Life has been a whirlwind lately. There is always so. much. to. do. And as much as I try to keep all the balls in the air, a few always get dropped.
Recently a friend posted on facebook about how life with three kids was suffocating; between school, after school activities, homework, housework, cooking, etc. there wasn't really any time left over for dates with friends or leisure activities. And I can attest that's pretty accurate. But while she said suffocating in a positive-ish way, a lot of the time I feel suffocated in the negative way.
Everyone has needs. The kids all have their needs. Rob has his needs. The dog has needs. I have needs too. But no matter how hard I try I can't meet them all. So I feel spread thin a lot, and feel like I'm failing at my job. I read this article toady and found myself tearing up because it describes my life right now so perfectly.
Thankfully this is not everyday. I do have good days where I get lots accomplished and everything seems to go smoothly. But the days I feel like I need everyone to go on vacation and just leave me at home alone so I can get stuff done have been happening a lot recently.

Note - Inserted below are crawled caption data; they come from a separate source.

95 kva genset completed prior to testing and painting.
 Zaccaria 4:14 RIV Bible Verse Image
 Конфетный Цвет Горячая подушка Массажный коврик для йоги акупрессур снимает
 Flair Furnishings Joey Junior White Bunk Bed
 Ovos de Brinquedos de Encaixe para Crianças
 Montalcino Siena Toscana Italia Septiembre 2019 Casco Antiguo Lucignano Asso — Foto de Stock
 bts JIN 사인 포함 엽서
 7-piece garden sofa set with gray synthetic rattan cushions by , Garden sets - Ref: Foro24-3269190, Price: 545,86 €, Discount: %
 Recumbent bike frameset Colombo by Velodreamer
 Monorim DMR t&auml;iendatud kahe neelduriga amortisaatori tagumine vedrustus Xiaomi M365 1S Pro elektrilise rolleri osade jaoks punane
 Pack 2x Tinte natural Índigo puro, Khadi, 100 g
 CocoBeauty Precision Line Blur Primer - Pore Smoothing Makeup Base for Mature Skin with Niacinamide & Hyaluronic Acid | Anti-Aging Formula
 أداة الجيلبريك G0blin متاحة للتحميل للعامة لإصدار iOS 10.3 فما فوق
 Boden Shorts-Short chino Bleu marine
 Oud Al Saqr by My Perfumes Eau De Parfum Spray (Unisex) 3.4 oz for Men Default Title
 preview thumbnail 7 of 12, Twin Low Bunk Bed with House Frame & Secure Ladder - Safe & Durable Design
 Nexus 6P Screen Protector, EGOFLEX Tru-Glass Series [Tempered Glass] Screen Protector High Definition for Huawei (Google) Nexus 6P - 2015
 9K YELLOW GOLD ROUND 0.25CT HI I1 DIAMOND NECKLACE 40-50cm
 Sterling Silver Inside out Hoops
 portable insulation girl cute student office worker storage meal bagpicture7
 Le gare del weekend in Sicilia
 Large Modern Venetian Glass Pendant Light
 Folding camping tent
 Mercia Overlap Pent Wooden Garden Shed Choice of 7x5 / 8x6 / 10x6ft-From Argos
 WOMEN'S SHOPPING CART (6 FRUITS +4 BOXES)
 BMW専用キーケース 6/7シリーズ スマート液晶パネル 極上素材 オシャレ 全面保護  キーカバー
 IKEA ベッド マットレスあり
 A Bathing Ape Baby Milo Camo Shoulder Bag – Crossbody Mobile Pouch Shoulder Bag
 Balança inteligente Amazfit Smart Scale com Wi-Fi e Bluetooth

I should point out right now that I am not depressed (don't worry!), just overwhelmed. And everything that fills up my time is good stuff, nothing to worry about there. It's just as an extreme introvert too much human interaction can feel suffocating. (that includes interacting with my children) Perhaps that's why I'm a night owl; I really relish the time when everyone else is in bed and I can work without anyone bothering me. But at the same time too many conversations with a six year old and a two year old makes me a little desperate for some adult interaction. There's always that battle between child vs. adult conversation and people vs. alone time.
And since it doesn't look like things are going to be letting up soon, or maybe even ever (I have a feeling this is just what happens as your children grow), I will keep on seeking that ever-elusive balance. I know I may never find it, but it's all about the journey, right?
I think wishing for more hours in the day or the ability to run on little sleep will never stop though. It would make things so much easier.
Anyway, hugs to all of you out there struggling too!
I do know enough that if someone looks like they have it all together they are probably just really good at hiding the crazy. We're all in the same boat.